The reason given was that the government had not budgeted sufficient funds to stock up the commodity. This begs another question: why has the government not budgeted enough funds since maize is the staple food of the people?

Incidentally, this problem gives credence to the theory of Professor Amartya Sen, Nobel Prize laureate in economics, to the effect that famines are not always a matter of food shortage but absence of logistics- taking the food from regions where it is abundant to where it is in short supply. People also starve because they have no money to pay for the food.

Some people will blame the Minister of Finance for not having made adequate provision for the transportation of maize from where it is harvested to where it must be stored. But resort to elementary economics will spread the blame instead of confining it to the Minister of Finance.

The first lesson you learn in economics are the postulates called scarcity and opportunity costs. The wants and needs people have are greater than the means of satisfying those needs or wants. In simple language, people never have enough to buy all the things they want to have.

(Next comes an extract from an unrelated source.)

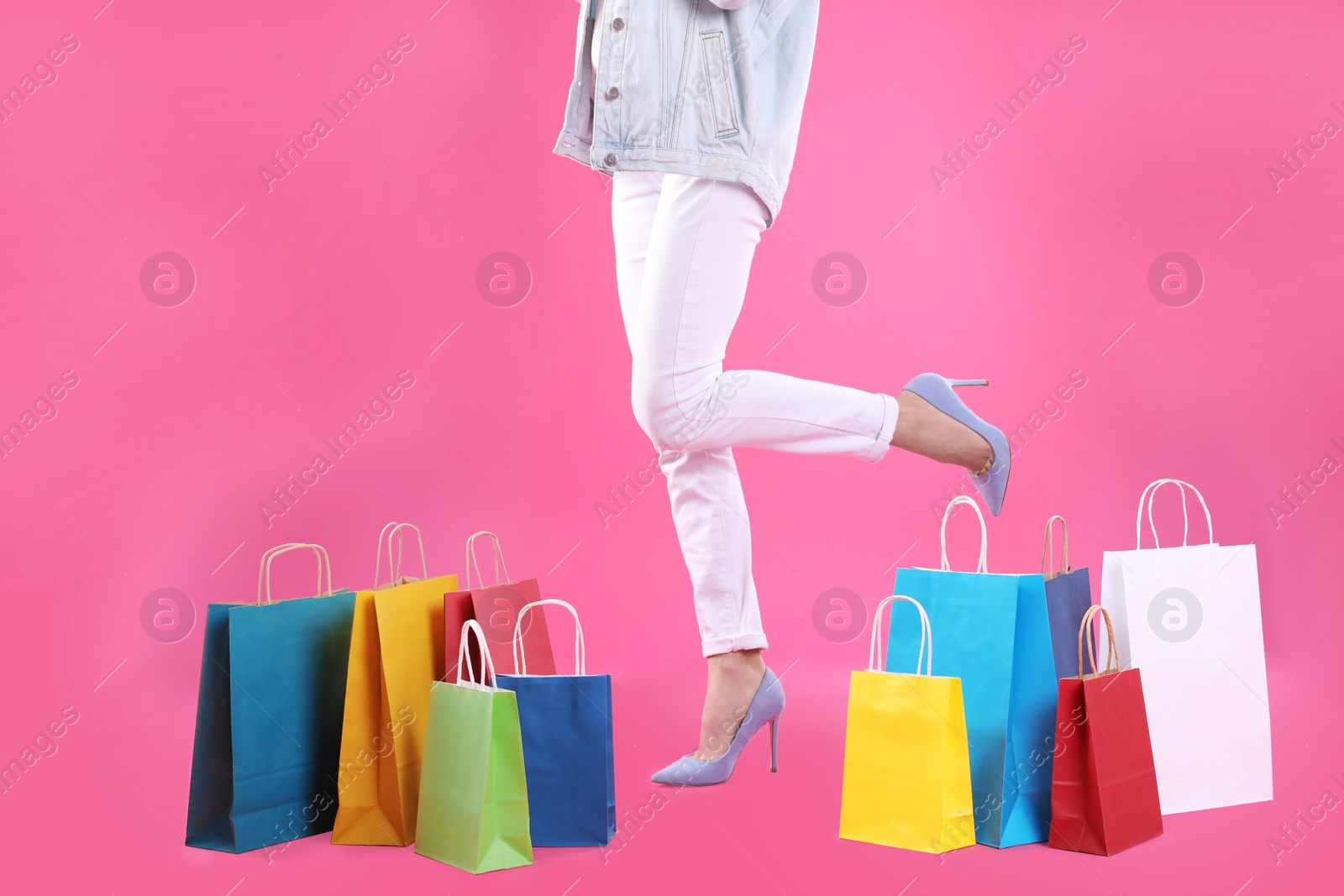 Photo of Young woman with shopping bags on color background, closeup of legs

Opportunity cost states that anything you buy has two types of costs, financial and opportunity (real) cost. If you have two million kwacha only but you want to buy both a car and a house costing more or less the same amount, you cannot buy both. You must make a choice. If you buy a car then you have foregone the opportunity to buy a house, if you buy a house then you have lost the opportunity to buy a car.

Thus when you buy one thing, you forgo another. That thing which you have foregone or failed to buy is the opportunity cost, the opportunity lost.

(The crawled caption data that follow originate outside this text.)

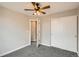 Bedroom features soft carpet, a closet, neutral paint, bright window, and a ceiling fan at 10626 Cherrybrook Cir, Highlands Ranch, CO 80126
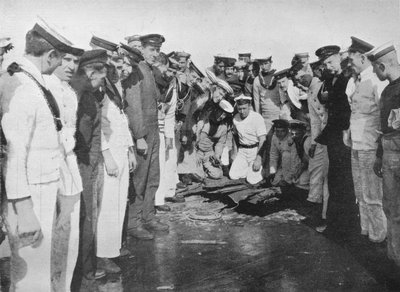 British sailors round a hole in the deck of their vessel by Unbekannt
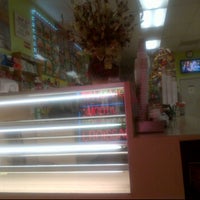 Photo taken at Rainbow Donuts by Maria A. on 6/7/2012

The government has failed to provide enough money for stocking maize because the total amount of money it has raised is finite, less than the needs of the nation which have to be satisfied.

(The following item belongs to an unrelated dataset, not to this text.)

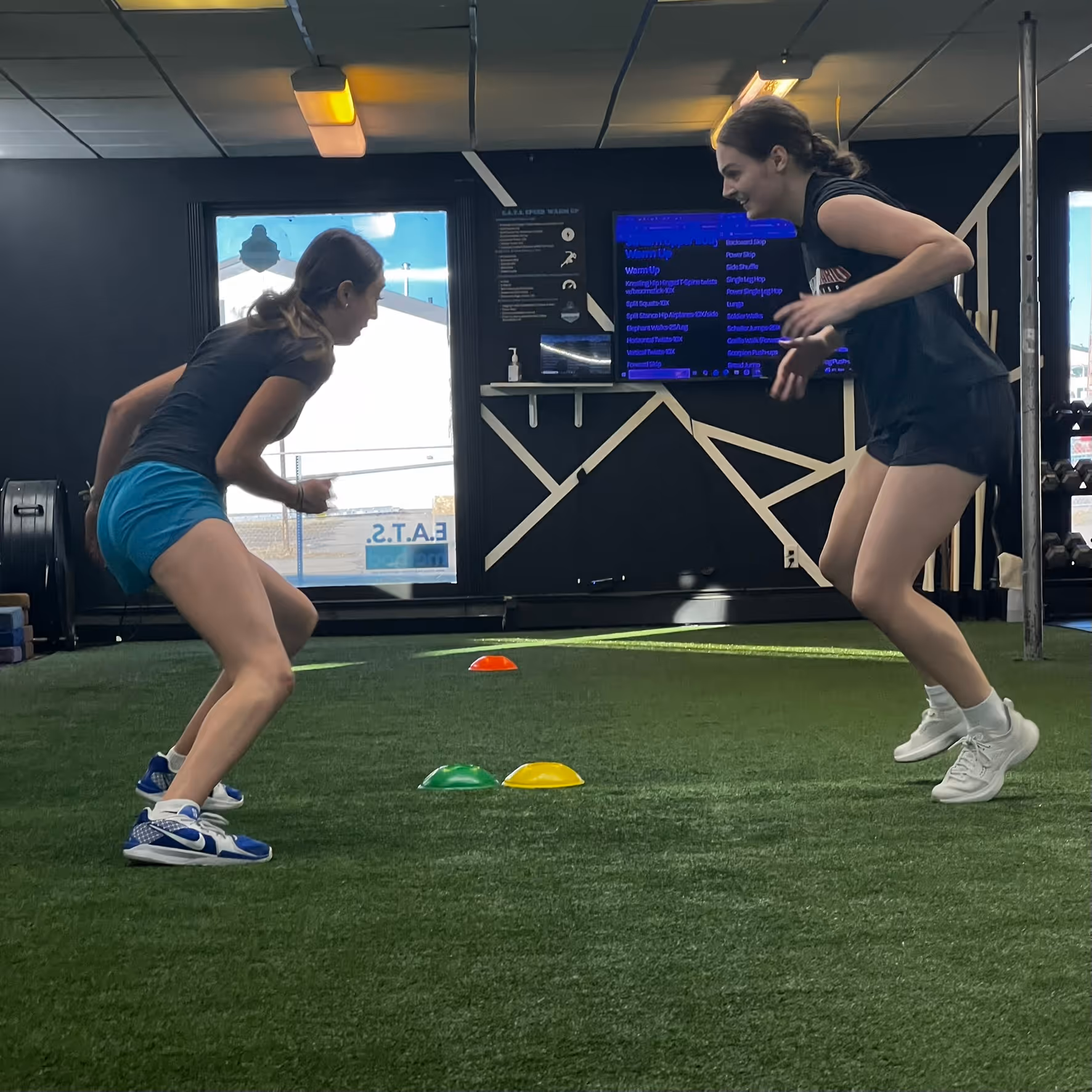 Two women in athletic clothes performing agility drills in an indoor gym with colored cones on turf.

In situations of scarce resources organised members of society extract from a government more than others do. We have heard time and time again trade unions are pressing for higher salaries, percentage increase well-above percentage growth rates of the economy.

Those who will suffer as a result of food shortages are the unorganized ones including peasant farmers. As the government was accommodating the demands of one pressure group or another its pool of resources was diminishing. Now some of us ask why the government did not budget enough for food reserves.

Members of the media visited me to ask my opinion as to whether Malawi has done well economically and socially during its 49 years of independence.

What other commentators have said suggest that they are not part of the group to which I belong, the group that grew to manhood and parenthood during colonial days.

To describe the period 1964 to 2013 as shameful, wasted is an exercise in exaggeration and ingratitude. There have been palpable changes since Nysaland sloughed off the colonial mantle to become an independent Malawi.

What is not disputable is that compared with countries like Singapore, Mauritus, Botswana, Taiwan we have under-performed which is not the same thing as we have been idle or we have messed around.

Two things prevent an individual from making full use of his or her talent. One of these is self pity; self-help is better than self-pity. We should not waste time grumbling and feeling despondent over what we and our leaders have done or failed to do. We should be talking of self-help as the tool of the future.

The other thing is to avoid self-despising. Once you have lost respect for yourself and your leaders, you have lost the foundation on which to build a future. Great achievers of the world have had a healthy self love and self-respect. If you love yourself you will do things that will advance your interest.

Tentatively I would say we should, reposition ourselves by selling up new institutions that will work differently from these we have lived with for nearly half a century. Our very mindset should be refreshed with a healthy respect for hard work, frugality and patience, continuous study should be our way of life.